▶ **Recorded data**

----------

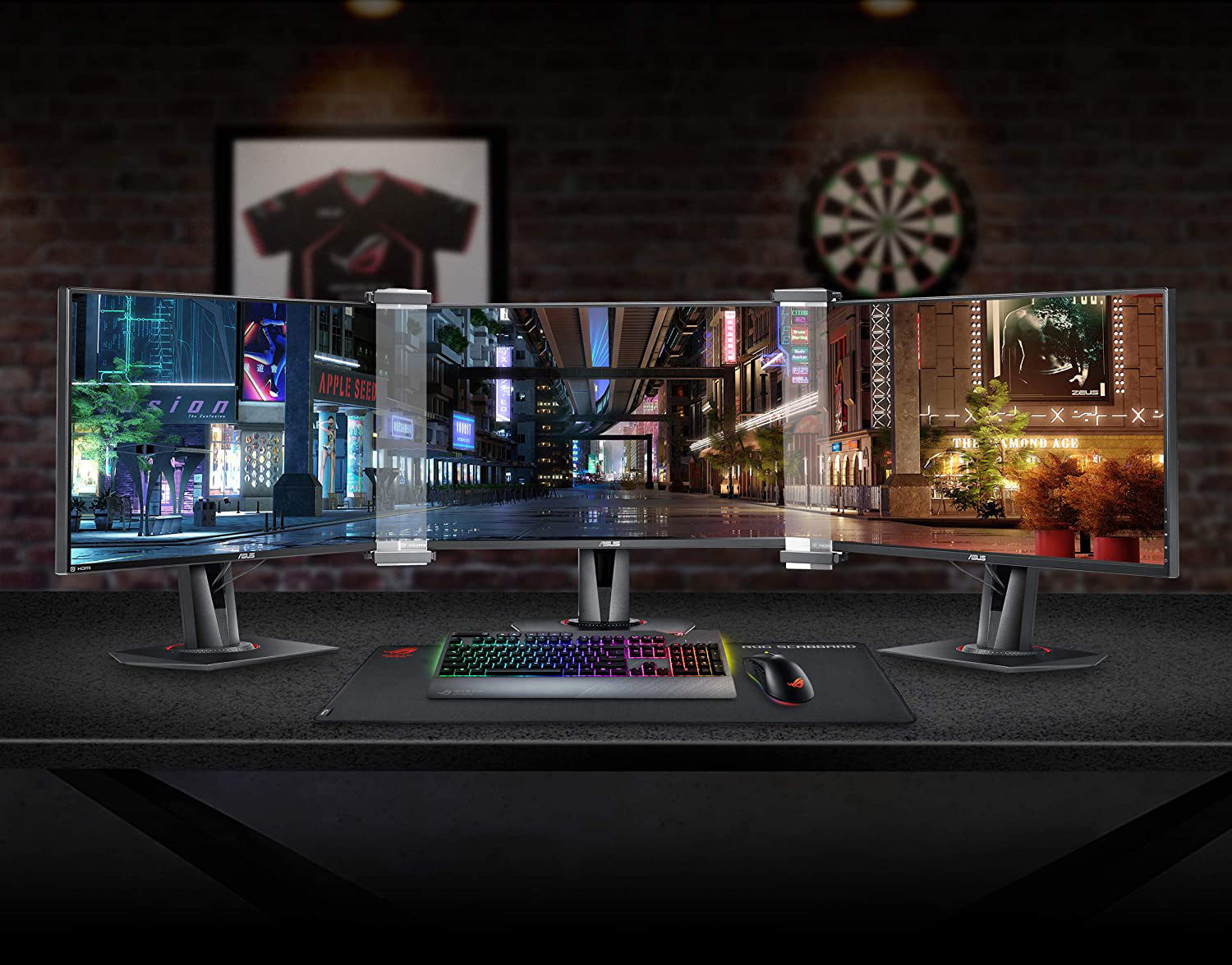 Bộ ghép màn hình Asus ROG Bezel Free Kit ABF01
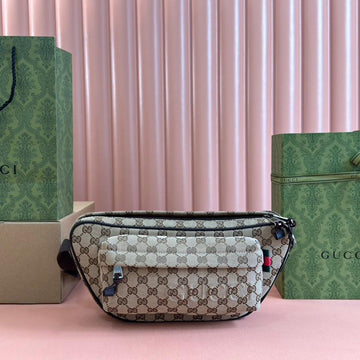 Belt Bag 34 In Beige Monogram Canvas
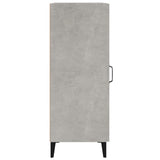 Sideboard Concrete Grey 34.5x34x90 cm Engineered Wood 812424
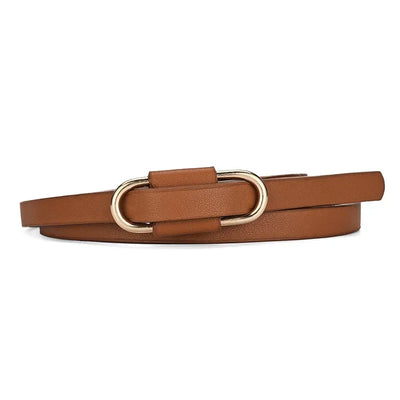 Ultra‑Thin PU Waist Belt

----------

▶ **Exercise brief**
Write out exactly, and only, the lines from the line holding "Sideboard Concrete Grey" through the end of the data, inclusive, without any pictures.

▶ **Solution for this problem**
 Sideboard Concrete Grey 34.5x34x90 cm Engineered Wood 812424
 Ultra‑Thin PU Waist Belt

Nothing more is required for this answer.